GOAL OF THE EXERCISE: Using the listing below, please print exactly the lines from the one with "this 1024×683 image." through the one with "this 640×480 image.". Leave out every picture.

DATA FOR THE TASK:
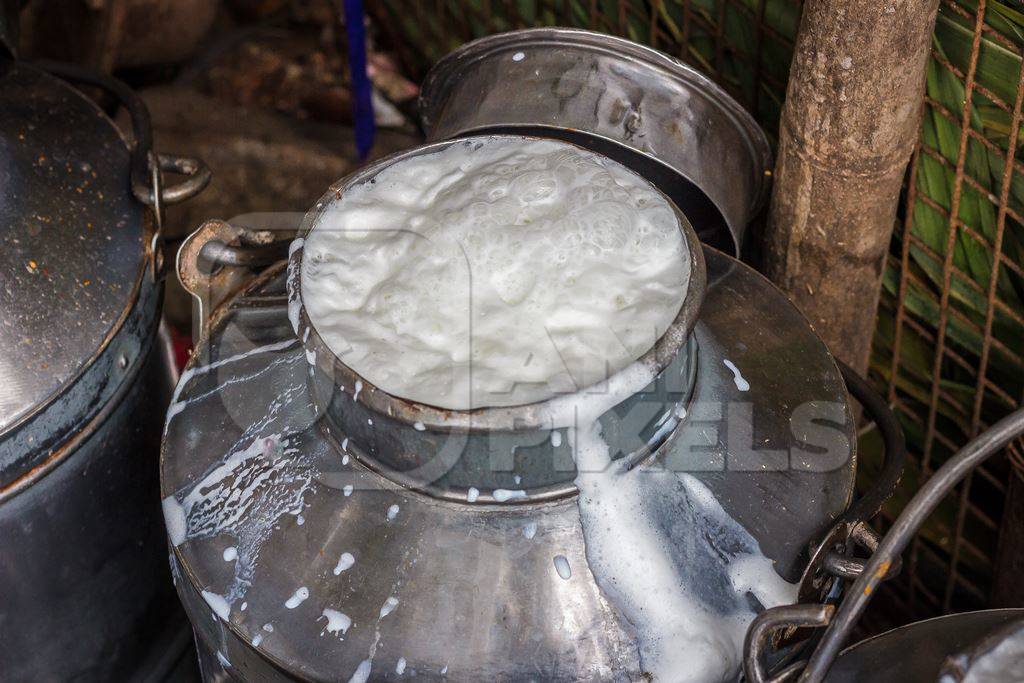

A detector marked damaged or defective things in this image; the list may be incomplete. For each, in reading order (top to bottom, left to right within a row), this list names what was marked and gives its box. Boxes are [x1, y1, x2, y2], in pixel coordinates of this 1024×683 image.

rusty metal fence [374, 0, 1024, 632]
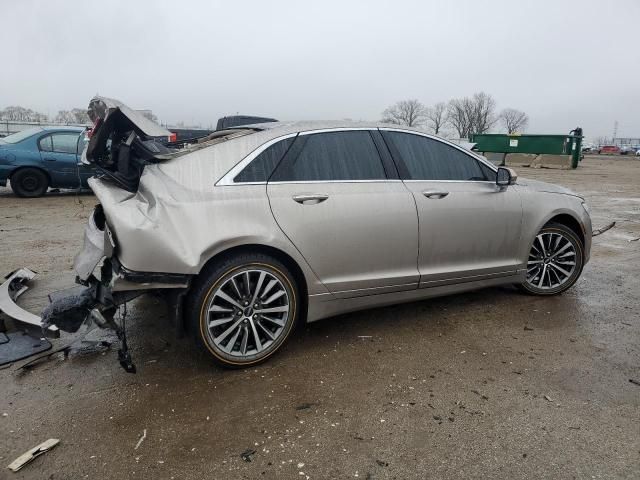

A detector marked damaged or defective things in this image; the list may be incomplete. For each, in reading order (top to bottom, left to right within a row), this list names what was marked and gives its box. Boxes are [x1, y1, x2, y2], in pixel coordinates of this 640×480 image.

...

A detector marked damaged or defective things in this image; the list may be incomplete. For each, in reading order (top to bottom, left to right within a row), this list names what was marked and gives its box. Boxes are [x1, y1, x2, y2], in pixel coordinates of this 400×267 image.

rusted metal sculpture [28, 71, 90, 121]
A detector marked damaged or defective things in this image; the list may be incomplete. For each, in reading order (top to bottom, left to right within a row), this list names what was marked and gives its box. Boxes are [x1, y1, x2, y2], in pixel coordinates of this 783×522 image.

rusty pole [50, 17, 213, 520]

---

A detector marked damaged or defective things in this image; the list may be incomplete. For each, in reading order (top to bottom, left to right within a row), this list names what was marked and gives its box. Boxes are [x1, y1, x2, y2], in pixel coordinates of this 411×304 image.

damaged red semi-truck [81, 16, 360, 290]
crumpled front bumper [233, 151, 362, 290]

ANSWER BOX:
A detector marked damaged or defective things in this image; the list may be incomplete. For each, in reading order (top to bottom, left to right within a row), this list names what was marked and gives its box. Boxes are [x1, y1, x2, y2], in pixel coordinates of this 1024×683 image.

rusty metal fence [374, 0, 1024, 632]

A detector marked damaged or defective things in this image; the list may be incomplete. For each, in reading order (top to bottom, left to right within a row), this list names what was marked and gives its box. Boxes are [x1, y1, x2, y2], in pixel coordinates of this 640×480 image.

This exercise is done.